_Task item_
The response must consist of the lines from the one holding "Townhouse in Wimauma, Florida" through the final line of the entries, given again exactly and without any pictures.
===== Supplied records
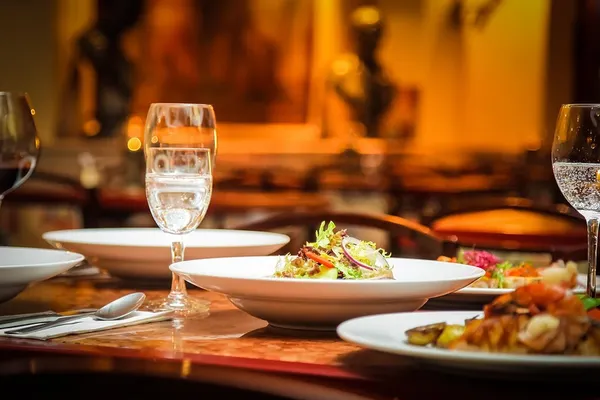 S-a aflat adevărul: De ce restaurantele care se respectă servesc mâncarea pe farfurii calde?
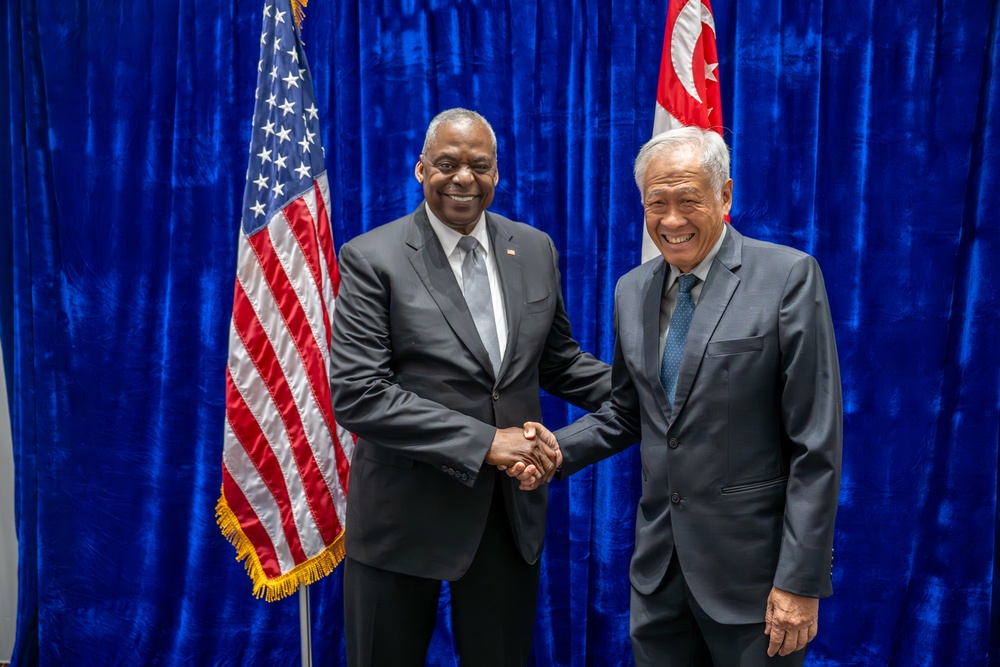 Secretary Austin meets with Singapore Defense Minister Hen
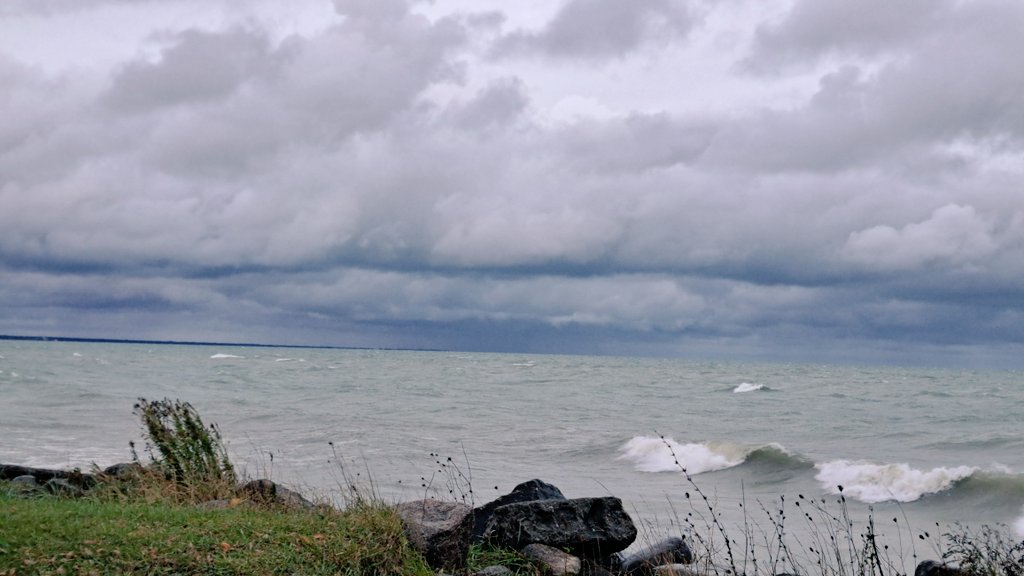 PhotoChaserJ's tweet photo. I'm out on #waterspout patrol this morning on #lakehuron it feels spouty today https://t.co/1q0tTRQzWO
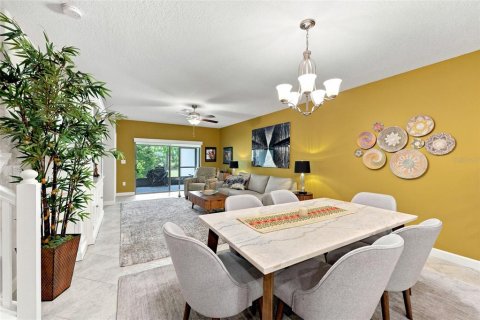 Townhouse in Wimauma, Florida 2 bedrooms, 159.14 sq.m. № 2239386 - photo 15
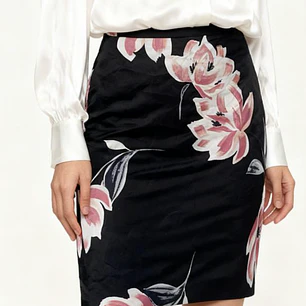 Falda Lápiz Estampado Floral ANN TAYLOR (S-M) NUEVO CON ETIQUETAS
==========
_Problem solution_
 Townhouse in Wimauma, Florida 2 bedrooms, 159.14 sq.m. № 2239386 - photo 15
 Falda Lápiz Estampado Floral ANN TAYLOR (S-M) NUEVO CON ETIQUETAS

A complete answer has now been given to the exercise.